Cordsen explained that most of the money collected for affordable housing is put away in savings, so that when the town decides to do a bigger project, such as finishing up Hideaway Junction or buying a new piece of property for affordable housing, it will have a substantial amount set aside.
“By its very nature, the attainable housing fund is a ‘save up and spend down’ business cycle,” he said, adding that it’s a more efficient process.
Salaries going up for Town Council
Salaries and wages for staff and Town Council members will go up in 2008. In 2007, the seven-member Town Council had a total salary of $35,000. Next year, it increases to $52,000.
The total salary actually went up last year, explained Cordsen, but it didn’t happen for every member. This year, when members are re-elected, they will all see that increase. Town Council members used to make $50 per meeting, but their pay will increase (or already has increased) to $200 pre meeting. The mayor will make $400 per meeting.
Cordsen believes the new rates reflect more closely national trends.
“It’s more on line with what other communities are paying,” Cordsen added.
The administration department at Town Hall will see an increase in salaries and wages, from $278,00 in 2007 to $290,500 in 2008.
The public works department will realize a more substantial increase, from $500,700 in 2007 to about $700,000 in 2008, due to the major capital improvements and an increase in the forestry crew. Two new positions were also created “park supervisor and equipment operator, increasing the public works department staff from eight to 11 employees.
The police department also will see an increase in salaries and wages, from roughly $400,000 in 2007 to about $500,000 in 2008. Cordsen explained that the department hired or is planning to hire two new officers, and those positions were already budgeted in 2007 but were never filled ” therefore, some money was carried over into 2008. The department currently has a staff of 10, including an administrative assistant.
What happens when the mayor leaves?
The 2008 budget contemplates some interests and challenges, such as the “legislative reorganization” with the pending retirement of Winter Park Mayor Nick Teverbaugh. Although no such plans have been announced publicly and have not been confirmed, it was noted in the budget as something to consider.
Another item to consider for 2008 is the 1 percent sales tax Winter Park collects for marketing and capital improvements. The tax was approved by voters four years ago to improve the town’s marketing appeal and provide additional funds for capital projects. It is up for renewal in 2008.
If voters don’t approve the 1 percent sales tax next year, the town’s funds for capital improvements would be affected, Cordsen pointed out. In 2007, the tax brought in roughly $681,000. In 2008 it is projected to bring in about $685,000.

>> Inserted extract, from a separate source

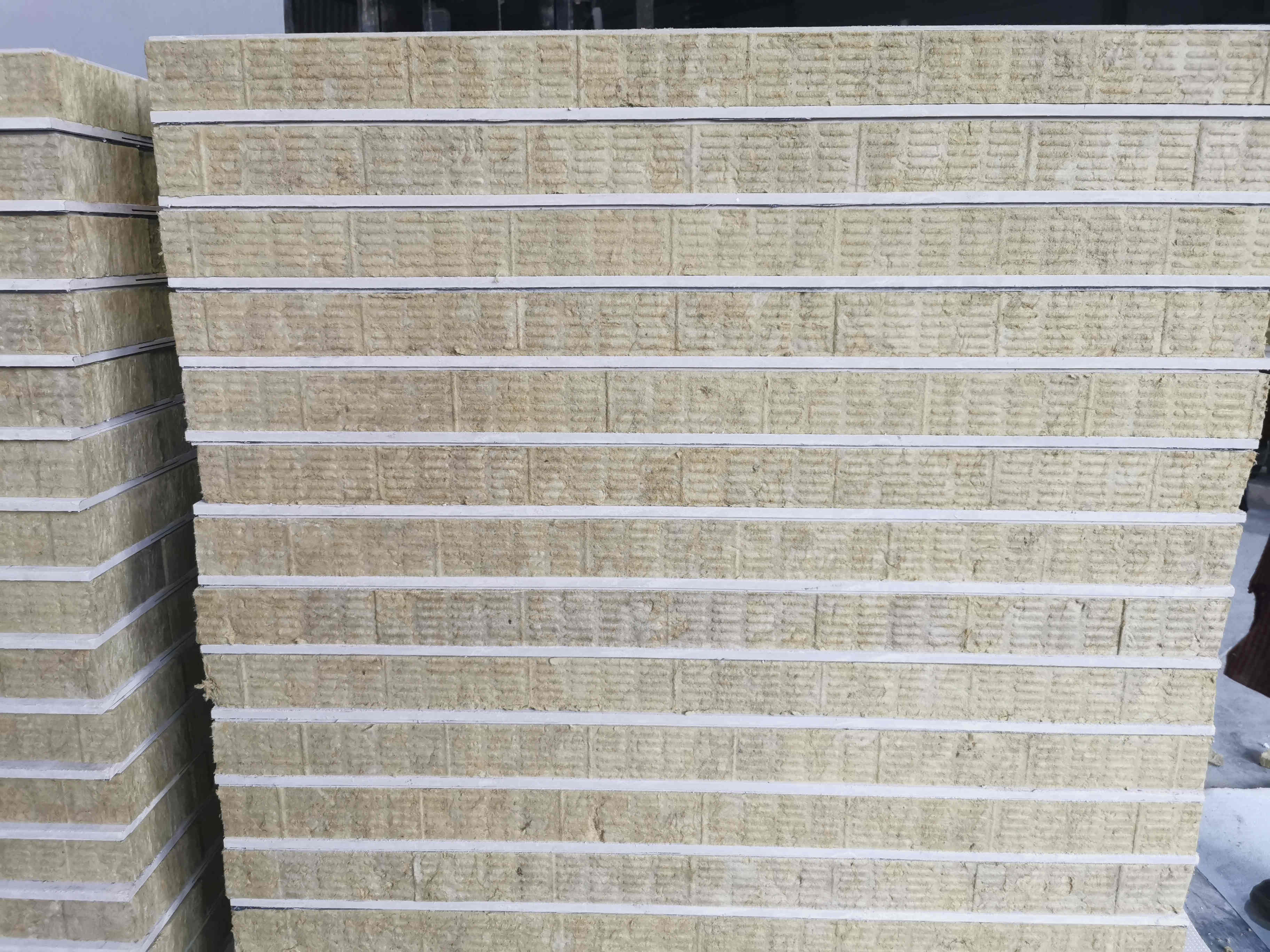 硅酸钙保温装饰一体板多少钱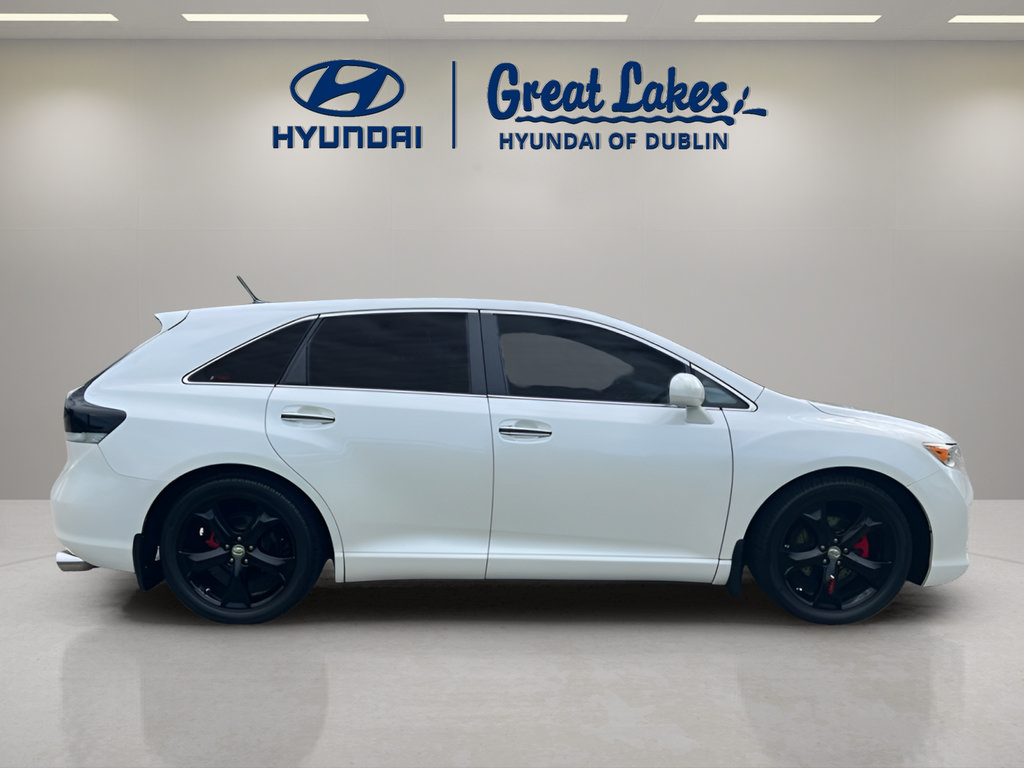 Used 2010 Toyota Venza AWD image 6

“It wouldn’t hurt our operations because that money doesn’t pay salaries of public works (department), (but) we certainly wouldn’t have the funds to do as much as we do now.”
Cordsen added that if the additional tax is not approved, the town would still have enough funds to cover the 2008 capital projects and get them completed. However, it would have a bigger impact on 2009 and outgoing projects, he said.
Taxesequals ka-ching for Winter Park
Once 2007 comes to a close, it is estimated that the town’s total taxes will have brought in roughly $3.4 million. In 2008, Cordsen projects the town will collect about that same amount.